Se nella comunicazione sociale e ambientale siamo in genere abituati a codici di tipo ‘mitico’, con toni un po’ aulici o drammatici, o su quelli ‘critici’, in cui si pongono in questione alternative e si ragiona su temi opposti, o comunque dirimenti, in questa analisi compare un numero consistente di comunicati dal tono ‘ludico’: giochi di parole, metafore che sfiorano l’assurdo, utilizzo della onomatopea, di personaggi characters, dell’umorismo. Una modalità di comunicazione che sembra abbastanza inedita e probabilmente capace di attirare l’attenzione creando coinvolgimento.

Se in tutte le campagne per definizione di Sostenibilità si parla, comunque il peso che assume varia. Nella stragrande maggioranza dei casi il ruolo della Sostenibilità risulta nettamente centrale: è la protagonista assoluta, ed intorno ad essa gravitano narrazione e codici. Le campagne di imprese/organizzazioni Profit e di quelle del No profit sono allineate su questa prevalenza. Al contrario, solo in quelle Profit la Sostenibilità svolge un ruolo complementare ad altri temi (es: bontà, efficienza, comfort, sicurezza).

Il principale obiettivo è educare

Ma quali obiettivi di comunicazione si propongono queste campagne? Con un peso nettamente superiori agli altri, si pone il tema ‘educational’: vengono raccontati argomenti critici, sociali o ambientali, per sensibilizzare l’utenza a prestarvi attenzione, sovente chiamando all’azione; al secondo e terzo posto, pari merito, si parla di prodotto (messa in scena dell’offerta aziendale con i relativi benefit) e di temi istituzionali (l’impresa/organizzazione stessa è protagonista, con la sua attualità e la sua storia). Segue, ma a breve distanza, l’esternalità, cioè la narrazione delle attività dell’impresa, di là degli aspetti produttivi, in favore dell’ambiente o del sociale (le cosiddette charity).

In sintesi: la sostenibilità viene comunicata molto di più su temi che riguardano il fuori (Educational, Esternalità), che il dentro (l’impresa o l’organizzazione).

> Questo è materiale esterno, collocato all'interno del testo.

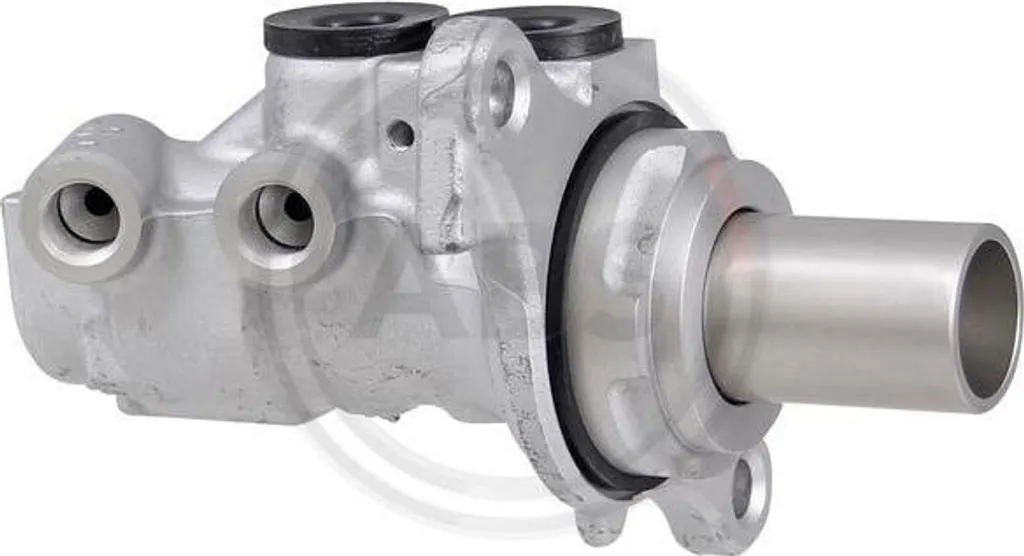 Maître-cylindre de frein pour BMW F10 F12 F01 - Remplacement OE 34336799903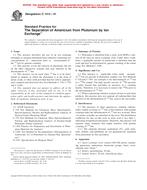 ASTM C1414-01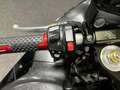 Suzuki GSX 1300 GSX-R HAYABUSA Negro - thumbnail 23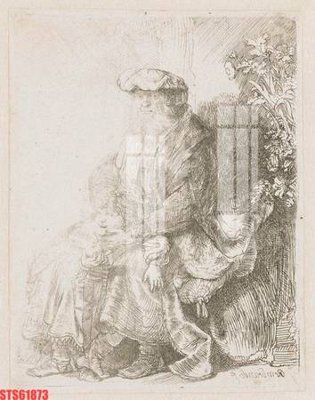 File PSD Tranh sơn dầu phương tây tổng hợp STS61873 (nguyên gốc) chất lượng cao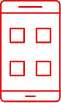 A cross platform mobile app as a MVP for Sprive.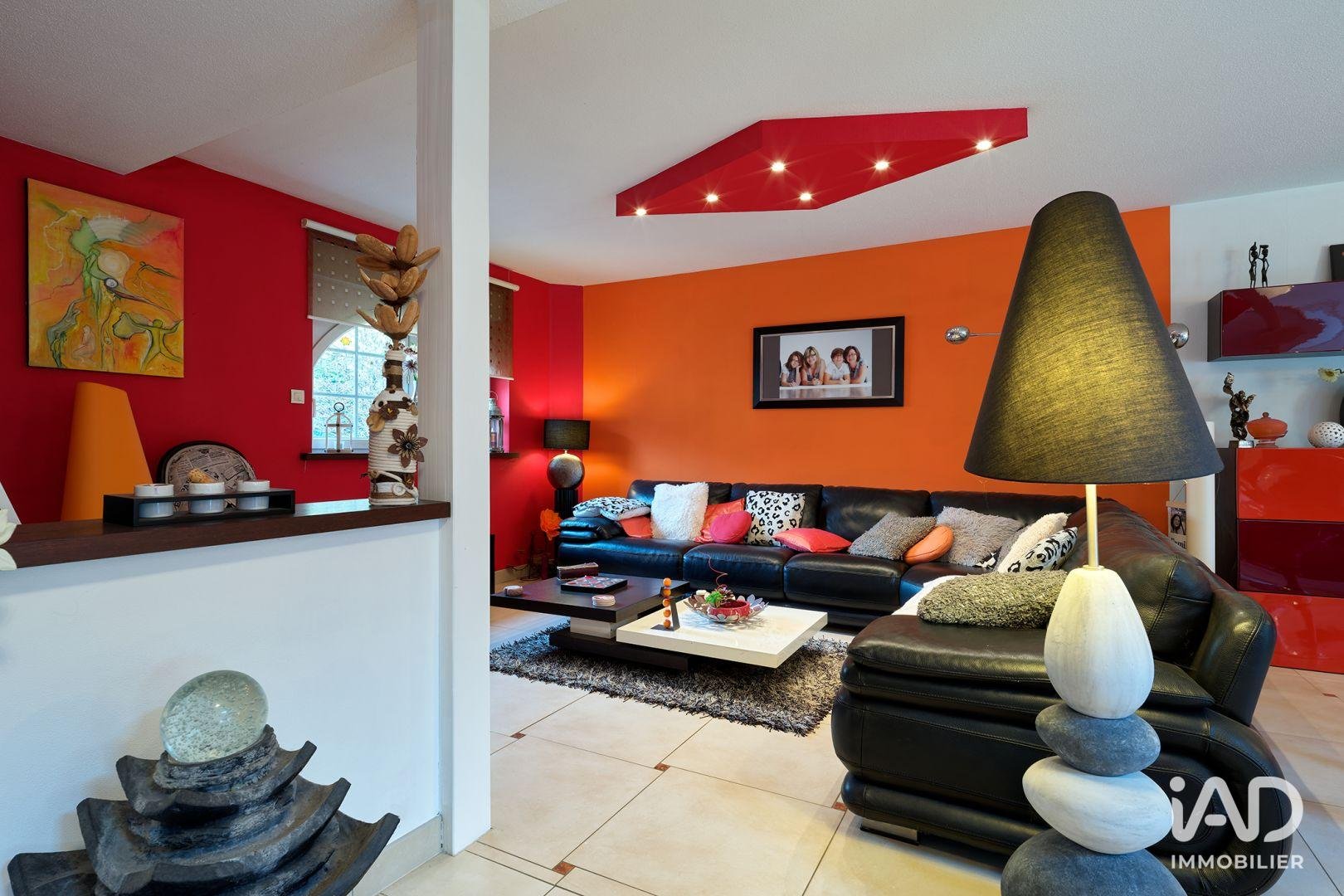 Maison à vendre, 360m², Mommenheim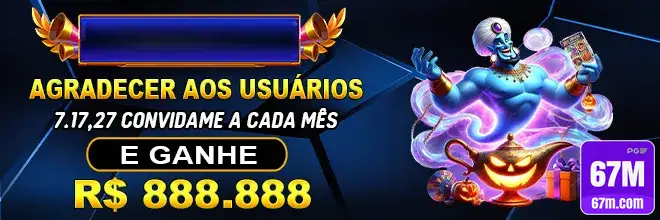 67m.com conquiste exclusivo jogo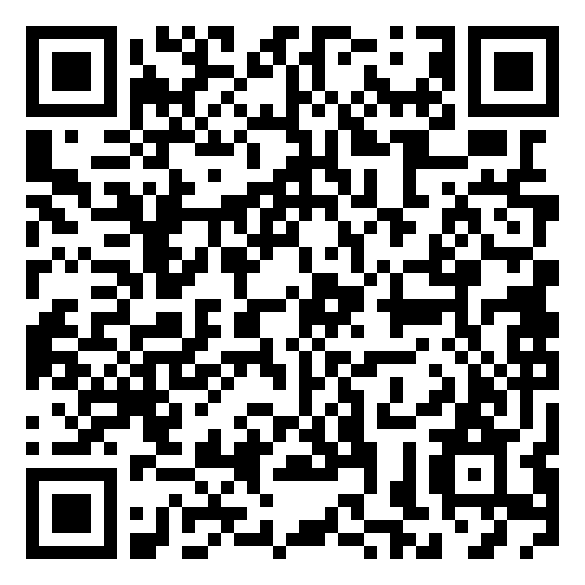 kod QR z danymi kontaktowymi 52313240300000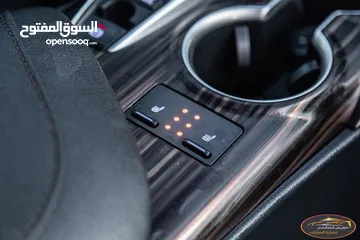  13 Toyota Camry 2019 Xle  السيارة مميزة جدا و بحالة ممتازة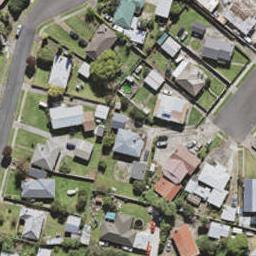 2/15 Rush Place, Mangere, Auckland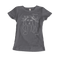 Pablo Picasso War And Peace 1952 Artwork T-Shirt-Art-O-Rama Shop-Men (Unisex)-White-S-Urbanheer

“Ed ecco una questione critica, per lo meno considerando la normativa sulla comunicazione e in particolare la recente Direttiva UE in tema di pubblicità ingannevole. Abbiamo numerosità abbastanza esigue, ma dal peso non indifferente in termini qualitativi. Su 20 comunicati profit che parlano di prodotto o di temi istituzionali, i claim di sostenibilità sono solo citati genericamente, o allusi, o magari trattati più esaustivamente, ma senza presentare argomentazioni o reason to believe a supporto della promise. Non intendiamo assolutamente porre questioni di Green Washing o simili. Semplicemente constatare che comunicare la sostenibilità, soprattutto nell’advertising, non è cosa facile e necessita, e soprattutto necessiterà, di un notevole lavoro e apprendimento da parte dei comunicatori”, conclude Laura Cantoni, Founder Astarea.